Pig ID: developing a deep learning machine vision system to track pigs using individual biometrics

Lead Research Organisation: Scotland's Rural College
Department Name: Research


Livestock farmers are turning to agri-technology to respond to the challenges of climate change, sustainability, anti-microbial resistance and food security while efficiently producing animals with good health and welfare. Machine vision technology, where software uses 'deep learning' neural networks to automatically process video images, could provide unique insights: 24/7 live data on growth/production and behavioural change as a measure of individual animal health and welfare. Problems such as disease, lameness or harmful behaviours such as aggression and tail-biting could be automatically detected. Continuous tracking in a farm environment is challenging as pigs change shape and can lie next to or on top of each other, and the best available systems can only track pigs for minutes unless they are marked somehow (which commercial growing pigs are not). The Pig ID project represents a step-change in capability by continuously monitoring individual unmarked pigs over weeks and months as they grow.

We previously developed a system which can identify (ID) individual pigs from their faces. Face ID is accurate but positioning cameras to capture pig faces is hard and does not capture whole-pen behaviour. Here we plan to develop a deep learning system using the latest neural networks to learn to recognise individual pigs, updating as they grow and continuously track their movements.

First, building on our face recognition system, we will develop a remote overhead biometric ID system based on head and body features. Only when confidence in the ID of a pig is lost will frame-to-frame tracking be used as a backup until biometric ID can re-acquire the pig. In this way, continuous accurate pig identity and location will be established.
Pigs grow rapidly, so their size and appearance change a lot over time. So next, we will determine how robust our trained ID and tracking system is to this change by testing it on images of the same pigs from different weeks. We will establish how robust it is to changing pig appearance and implement automatic retraining of biometric ID at regular intervals, enabling continued tracking over weeks.
To date, machine vision pig tracking has only been demonstrated with one or a few groups of pigs that it has been trained on. Another crucial innovation of this project is that we will take our trained system and work to develop automated enrolment using 'open set recognition', clustering the images of a new group of pigs by similarity to learn about those new individuals.
To achieve a large volume of training and validation data needed for this project, we will semi-automate by combining machine vision to find pigs in each image, with humans to confirm and label them with ID. Alongside in-person identification of pigs as a failsafe, we will develop a novel way of validating ID using visible colour and ultraviolet (UV) cameras side by side, while pigs have distinctive sun-cream markings, invisible except to the UV camera. These parallel UV images will enable human manual ground-truthing of pig ID in every frame, to check against biometric ID results from colour images where the sun-cream is invisible. Once the biometric ID system is complete, it will also be used with the UV images. It should easily learn to recognise these marked pigs providing further validation data.

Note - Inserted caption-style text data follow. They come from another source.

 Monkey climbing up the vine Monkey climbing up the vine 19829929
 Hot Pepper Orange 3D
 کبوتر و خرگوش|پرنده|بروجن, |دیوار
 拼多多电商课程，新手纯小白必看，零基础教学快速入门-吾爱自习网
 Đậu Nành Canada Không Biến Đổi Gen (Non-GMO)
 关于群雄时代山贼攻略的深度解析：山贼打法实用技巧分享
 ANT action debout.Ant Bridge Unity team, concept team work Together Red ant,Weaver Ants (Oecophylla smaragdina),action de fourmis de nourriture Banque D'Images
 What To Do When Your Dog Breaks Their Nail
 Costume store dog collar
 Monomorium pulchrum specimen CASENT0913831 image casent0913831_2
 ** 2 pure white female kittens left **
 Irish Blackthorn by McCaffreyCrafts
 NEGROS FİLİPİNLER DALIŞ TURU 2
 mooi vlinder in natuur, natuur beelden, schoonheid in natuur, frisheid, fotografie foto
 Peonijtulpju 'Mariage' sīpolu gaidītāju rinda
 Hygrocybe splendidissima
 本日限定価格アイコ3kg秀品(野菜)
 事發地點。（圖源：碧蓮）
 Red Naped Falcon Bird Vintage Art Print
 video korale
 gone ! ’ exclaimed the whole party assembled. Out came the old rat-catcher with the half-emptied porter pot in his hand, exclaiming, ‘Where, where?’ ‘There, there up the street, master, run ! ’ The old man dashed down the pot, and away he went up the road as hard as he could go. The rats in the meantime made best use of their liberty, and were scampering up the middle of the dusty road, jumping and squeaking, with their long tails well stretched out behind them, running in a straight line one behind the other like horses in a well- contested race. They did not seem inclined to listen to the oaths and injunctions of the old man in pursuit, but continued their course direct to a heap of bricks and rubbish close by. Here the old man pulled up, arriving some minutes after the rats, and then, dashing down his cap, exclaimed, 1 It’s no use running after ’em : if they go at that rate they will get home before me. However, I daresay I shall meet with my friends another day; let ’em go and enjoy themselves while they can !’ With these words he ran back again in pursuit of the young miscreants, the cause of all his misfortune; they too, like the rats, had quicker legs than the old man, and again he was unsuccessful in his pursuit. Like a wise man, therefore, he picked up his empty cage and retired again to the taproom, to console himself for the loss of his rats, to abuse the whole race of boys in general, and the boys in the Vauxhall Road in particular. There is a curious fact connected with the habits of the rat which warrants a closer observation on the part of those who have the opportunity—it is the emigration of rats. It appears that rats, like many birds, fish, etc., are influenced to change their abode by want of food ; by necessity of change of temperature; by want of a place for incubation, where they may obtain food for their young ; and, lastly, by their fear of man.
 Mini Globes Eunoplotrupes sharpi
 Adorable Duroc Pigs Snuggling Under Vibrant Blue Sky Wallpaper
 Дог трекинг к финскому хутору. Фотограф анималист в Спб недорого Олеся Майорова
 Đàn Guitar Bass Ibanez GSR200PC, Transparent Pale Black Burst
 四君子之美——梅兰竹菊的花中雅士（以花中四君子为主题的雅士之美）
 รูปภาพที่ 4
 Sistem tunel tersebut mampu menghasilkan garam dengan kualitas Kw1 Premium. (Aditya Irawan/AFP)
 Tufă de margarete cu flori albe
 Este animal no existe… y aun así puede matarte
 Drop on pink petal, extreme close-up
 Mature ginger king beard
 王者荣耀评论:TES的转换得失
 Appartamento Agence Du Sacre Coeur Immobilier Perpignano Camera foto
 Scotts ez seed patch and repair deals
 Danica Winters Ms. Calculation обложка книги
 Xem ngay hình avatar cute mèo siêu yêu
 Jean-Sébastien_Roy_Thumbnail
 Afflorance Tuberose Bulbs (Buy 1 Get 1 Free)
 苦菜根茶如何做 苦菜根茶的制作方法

This project builds on our proven Face ID technology and we are continuing our previous successful collaboration, bringing together expertise in animal behaviour and welfare, and in agri-technology, particularly in applying cutting-edge machine learning techniques in machine vision/learning to real-word problems. The project has considerable commercial support, with co-funding from animal health company Zoetis under an Industrial Partnership Award. Agri Tech company Innovent Technology Ltd, pig farming and pork processing company Karro, and breeding company PIC are ready to be involved in the next stage of commercialisation.

Technical Summary

We aim to develop a new technological tool using deep learning machine vision to biometrically identify and track individual pigs. Facilitating behaviour monitoring for health and welfare, it enables a step-change in 'precision livestock farming' and has strong industry support.

Training CNNs and validating their performance requires time-consuming manual labelling of ground-truth images. Obj 1 produces this manual data increasing data volume by: a) Using a semi-supervised approach with a modified Mask-RCNN for instance segmentation, and b) Developing a new approach for identity validation: simultaneous recording with a visible light video camera paired with a modified UV-detecting camera, pigs are individually marked with invisible sun-cream which appears black under UV. Our labelled, paired videos will be a valuable public resource for other researchers.
Commercial growing pigs are not ID marked. Building on our existing machine vision technology which identifies ID from pig faces, a convolutional neural network (CNN) will be trained to recognise biometrics of individual pigs from above in a group (Obj 2; we have shown feasibility in previous work).
Next (Obj 3), we use a refined Mask-RCNN to extract individual pigs from their surroundings and implement our trained CNN enabling spatial tracking. Our innovative 'tracking by recognition' eliminates the problem of lost ID and track-swaps due to close-proximity or occlusion, by re-establishing biometric ID. We retrain the CNN to achieve long-term tracking over weeks as pigs grow and change appearance.
We will develop 'open set recognition' (Obj 4), avoiding extensive manual re-training for each new group. Previous work showed that a latent feature space can be optimised to cluster images that appear similar together (because they are from the same pig), separating them from other pigs.
Obj 5 integrates 3 and 4 refining a state-of-the-art system to enrol and track individual pigs over weeks as they grow.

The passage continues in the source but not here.